The Resistible Rise Of Arturo Ui: A Gangster Spectacle, by Bertolt Brecht, adapted by George Tabori, music by Hans-Dieter Hosalla
I must admit to having strongly mixed feelings about this particular play. In general, I have not been impressed by the plays of Brecht; their dialogue is generally stilted, the political biases and ideological axes to grind are pretty irritating, and there is a distinct feeling that the author seems obsessed with gangsters as a way of discrediting capitalist and middle class mentalities without doing so openly. This play adds to the general lack of openness about its purpose by deliberately contrasting the gangster action of the main play with little headlines that show the slow decline of Germany into Hitler’s own gangster rule. Although the sly bits of this book that are aimed at making fun of Hitler’s Germany as it approaches World War II are the best part of the play by far, given the general lack of interest that the dialogue or the music present to the reader, this play does nothing to hinder an impression that Brecht was fundamentally a dishonest sort of playwright who sought to use spectacle as well as a consistent approach on the criminal class as a way of delegitimizing existing social and economic elites in the West, all without dealing honestly with the shortcomings of his own preferred social system.

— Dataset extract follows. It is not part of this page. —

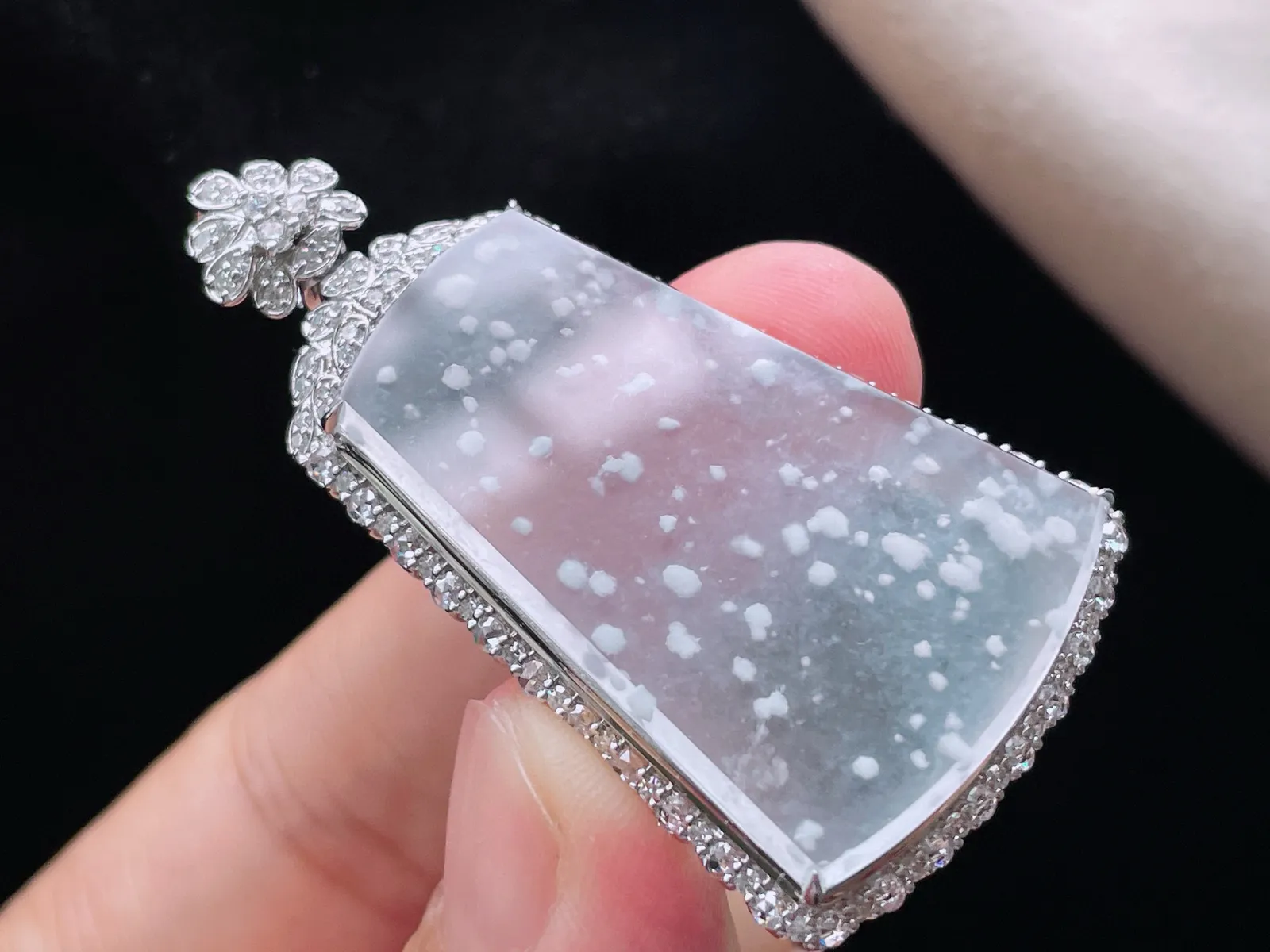 18K 冰种雪花棉·无事牌
 
整49.8-26.4-8.4
裸35.1-24.2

This book is a one-act play that is divided into a lot of scenes. The scenes cover precisely the material that the title would indicate, the rise of Arturo Ui, a very stereotypical Italian gangster whose penchant for violence and his ability to navigate a post-Prohibition world where it is possible to muscle in on political chicanery allow him to first bolster a vulnerable corrupt elite who engage in some fraudulent business practices of his own and then gradually carve out a place for himself within mainstream society while simultaneously engaging in acts of violence against those who threaten his position. Ui also shows himself adept at handling public relations, making sure to show some generosity to the widow of a witness of fraud and embezzling that manages to get whacked in order to preserve Ui’s desire to ingratiate himself with elites. Meanwhile, as all of this goes on the playwright also adds little bits of drama that demonstrate the situation in Germany which appears to be more important to the author in demonstrating the resistible rise of Hitler than may be entirely safe for the playwright to let on.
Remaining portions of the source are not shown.